Eagle and Safeco argue that because Syro delivered the guardrail to Taylor's holding yard instead of the project site, they are not liable under the payment bond. We disagree.

Section 57-5-1660 provides that a contractor for a public highway construction contract must secure

*373 [a] payment bond with a surety or sureties satisfactory to the awarding authority, and in the amount of not less than fifty per cent of the contract, for the protection of all persons supplying labor and materials in the prosecution of work provided for in the contract for the use of each such person.... [P]rovided, however, that any person having direct contractual relationship with a sub-contractor but no contractual relationship expressed or implied with the contractor furnishing the bond shall have a right of action upon the bond....

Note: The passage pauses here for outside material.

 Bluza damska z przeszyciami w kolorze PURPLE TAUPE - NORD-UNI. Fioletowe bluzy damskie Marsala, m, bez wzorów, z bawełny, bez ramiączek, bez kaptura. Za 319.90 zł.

(First and third emphasis added.)

Section 57-5-1660 is patterned after the federal Miller Act, 40 U.S.C.A. §§ 270a & 270b (1986). Hence, our statute is sometimes referred to as the "little Miller Act." Absent a contrary expression of legislative intent, cases construing the federal Miller Act will be given great weight in the interpretation of its South Carolina counterpart. Rish v. Theo Bros. Const. Co., Inc., 269 S.C. 226, 237 S.E.2d 61 (1977).[1]

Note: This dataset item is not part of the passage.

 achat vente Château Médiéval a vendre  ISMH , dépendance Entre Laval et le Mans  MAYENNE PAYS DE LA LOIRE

Delivery of supplies and material to the project site is not a prerequisite to recovery for suppliers. E.g., U.S. for Use of Pomona Tile Mfg. Co. v. Kelley, 456 F.2d 148 (9th Cir.1972). In U.S. for Use of Carlson v. Continental Casualty Co., 414 F.2d 431, 433 (5th Cir.1969), the court held that

Several well-established principles have emerged from Miller Act cases. It is fundamental that in order for a materialman to recover under the Act it is necessary only that he show that the materials were supplied in prosecution of the work provided for in the contract, that he has not been paid therefor, [and] that in good faith he had reason to believe the materials were intended for the specified work.... It is immaterial to his right of recovery that the materialman deliver the materials to the jobsite or that such materials actually be used in the prosecution of the work.

(Emphasis added.)

Sound policy considerations support this rule. See U.S. for Use of Color Craft Corp. v. Dickstein, 157 F. Supp. 126 (E.D.N.C.1957). Logistically, there may be no convenient place to store all of the materials at the project site. This is especially true with regard to highway construction projects where supplies are stored along the roadside. Security is another factor; generally, a holding yard is a more secure place than a roadside project site to store materials until incorporation.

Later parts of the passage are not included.